Segundo Leonardo Freitas, presidente da HW, a empresa tem intermediado diversas contratações remotas de funcionários brasileiros para empresas estrangeiras, principalmente nas áreas de https://sindeprestem.com.br/wp-content/uploads/2020/10/internet-cyber-network-3563638-1.jpg e telemedicina.

Nesse caso, a contratação é direta, e não terceirizada, como no modelo largamente utilizado na Índia.

Paulo Moraes, diretor da consultoria de recursos humanos Talenses, conta que está em busca de um recrutador para uma multinacional, sem nenhuma restrição geográfica. O profissional a ser contratado vai ter a função de selecionar pessoas para essa empresa no Brasil e no Canadá.

Outro segmento que investe nesse mercado são os sites de trabalho freelancer. A proposta dessas plataformas é nivelar trabalhadores e empregadores globalmente, eliminando as fronteiras físicas em atividades que podem ser feitas à distância —cenário semelhante ao projetado pelos pesquisadores de Oxford.

No entanto, um estudo publicado em 2016 sobre a plataforma Upwork observou que as empresas (majoritariamente de países desenvolvidos) tendem mais a contratar profissionais de outros países desenvolvidos do que daqueles em desenvolvimento.

“Apesar da economia potencial de custos com remunerações mais baixas, empregadores parecem antecipar problemas com contratações de localidades geográfica, social e culturalmente distantes. A magnitude dessa diferença é impressionante tendo em vista que o objetivo da plataforma é agregar e integrar mercados de trabalho”, escrevem os autores do estudo.

Mas essa diferença cai quando profissionais de países emergentes apresentam um histórico comprovado de trabalhos concluídos em seus perfis —o efeito é inclusive mais significativo para eles do que para profissionais de países desenvolvidos, concluem os pesquisadores.

Se a nível internacional persistem barreiras de cultura e idioma, nacionalmente a história é outra.

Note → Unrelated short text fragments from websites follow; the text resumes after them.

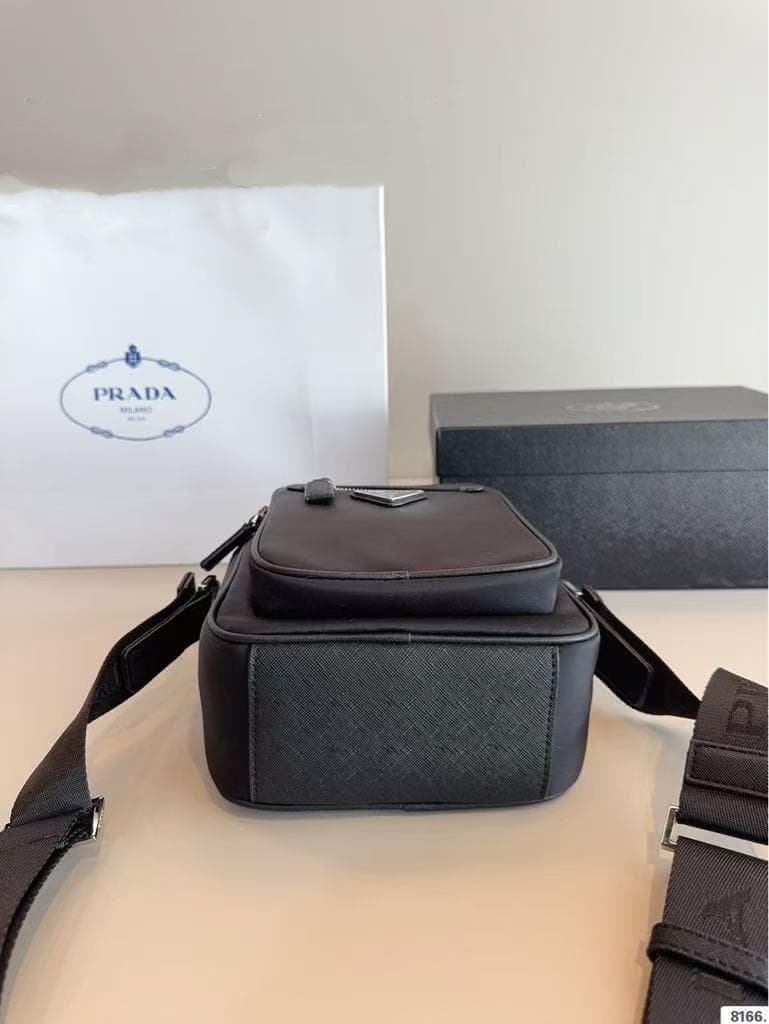 非売品 PRADA ショルダーバッグ カメラバッグ VIP @20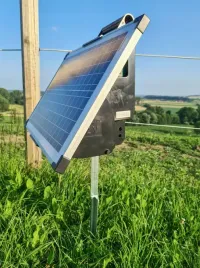 elektryzator-solarny-titans4200-dla-koni-bydla-owiec-i-koz-42-j-kerbl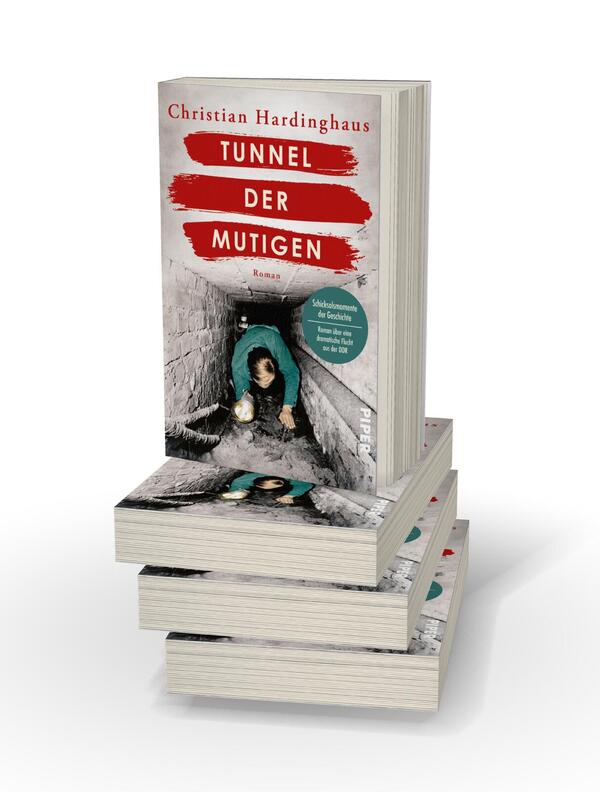 Bücherstapel des Buches „Tunnel der Mutigen“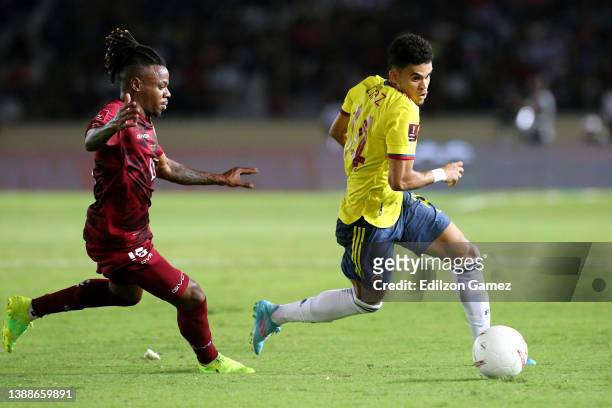 Luis Diaz of Colombia controls the ball against Jhon Murillo of Venezuela during the FIFA World Cup Qatar 2022 qualification match between Venezuela...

A divisão entre funções de baixa e alta qualificação continua, dado que apenas as últimas tendem a admitir um desempenho remoto, mas dentro desse estrato podemos esperar maior dispersão geográfica, avalia Firpo.

Com o trabalho remoto, um engenheiro de Salvador, por exemplo, pode permanecer em sua cidade trabalhando para uma empresa paulista em vez de migrar em busca de uma vaga de melhor remuneração.

Isso pode levar no longo prazo a uma redistribuição de renda em termos regionais e gerar ganhos de produtividade com a contratação dos melhores a nível nacional, avalia.

“A gente pode até resolver um pouco o problema de redistribuição de renda no topo com a realocação dessas ocupações entre regiões, mas quando olhamos para o trabalhador qualificado e o não qualificado, essa diferença vai aumentar”, afirma.